Hill cutting, land filling, tree felling, the number of such cases only goes up, never comes down. On almost every weekend when the government departments take a holiday, or even on weekdays when the offices are open, there are cases of hill cutting or land filling occurring across the State. If many have been foiled it is only because of alert citizens who have not hesitated to point out to the government officials that such illegalities are taking place. Whether it be Pernem, Calangute, Pilar, Porvorim, Colva or name any village in Goa, and there will be some illegality with land being undertaken.
After Herald exposed the hill cutting at Virnoda the district administration directed the local police to inquire into the matter and take action. Residents of the area alleged that the mud from the hill was being used to fill up khazan land in another area. Herald also reported that the flying squad that had inspected the area ordered the hill cutting to be stopped and directed the local police to keep it under watch. However, when the flying squad inspected the area again, it found that the hill cutting had not been stopped. This is an example of how government orders are ignored by the people who take the law into their hands.
The State is now empowered to restore land that has been illegally filled. The recent amendment to Section 33 of the Land Revenue Code states that the Collector is empowered to restore any low-lying area, khazan land, land under Coastal Regulation Zone, water body or environmentally/ecologically sensitive area which has been illegally filled with mud or rubble, immediately without issuing any notices. The Collector is also empowered, under the amendment, to recover the cost of the restoration from the owner of the land. The most important question is whether the administration will undertake such a restoration of the land?

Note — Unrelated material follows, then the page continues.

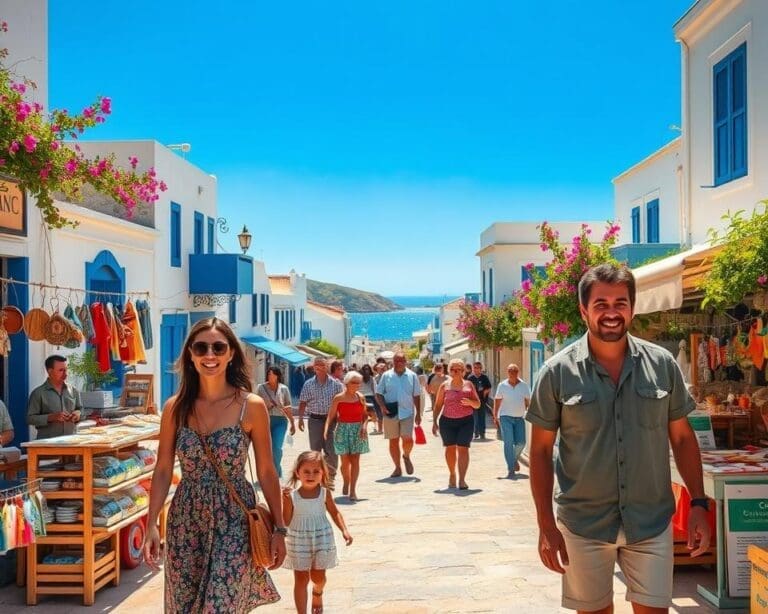 Wat doen in Chersonissos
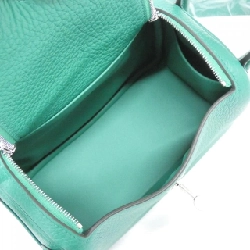 Túi xách vai Hermès Lindy2 MINI 085956CK - Hàng hiệu Chính hãng 765815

Earlier the Land Revenue Code had no powers to order the restoration of the land and the only option people had was to file a complaint of illegal land conversion. The other option was to complain to the Town and Country Planning Department under Section 17 A of the TCP Act. However, the complainants would be at the mercy of the TCP Department officials since only this department had the powers to file an FIR against those involved. Besides the abysmal rate of convictions, the lack of any provision in the TCP Act for restoration meant that the owners of the land could start constructing on the land even before the case was dropped. It all changed with the recent amendment to the Land Revenue Code, which for activist came as a big boon. However, it has not been easy and they have had to approach the courts to get the officials to implement the law and immediately restore all the agricultural fields which have been illegally filled.
But how would one restore a hill that has been cut? Is it even possible? It won’t be easy, neither will restoring the land be.
While such illegalities occur constantly, there is a tremendous amount of awareness among the that is able to keep it partially in check. There is even a facebook page Goa Against Hill Cutting and Land Filling, that though not updated still exists. As in the case of Virnoda, it has always been the people that have brought such illegalities to the notice of the government authorities. It is a very rare occasion on which the administration may take a proactive role in such a case, waiting always for a complaint to be filed. Unless the government begins to act without waiting for a complaint, this will not change. It is only people’s activism that keeps the government wheels in motion, and it is government inaction that fuels illegalities.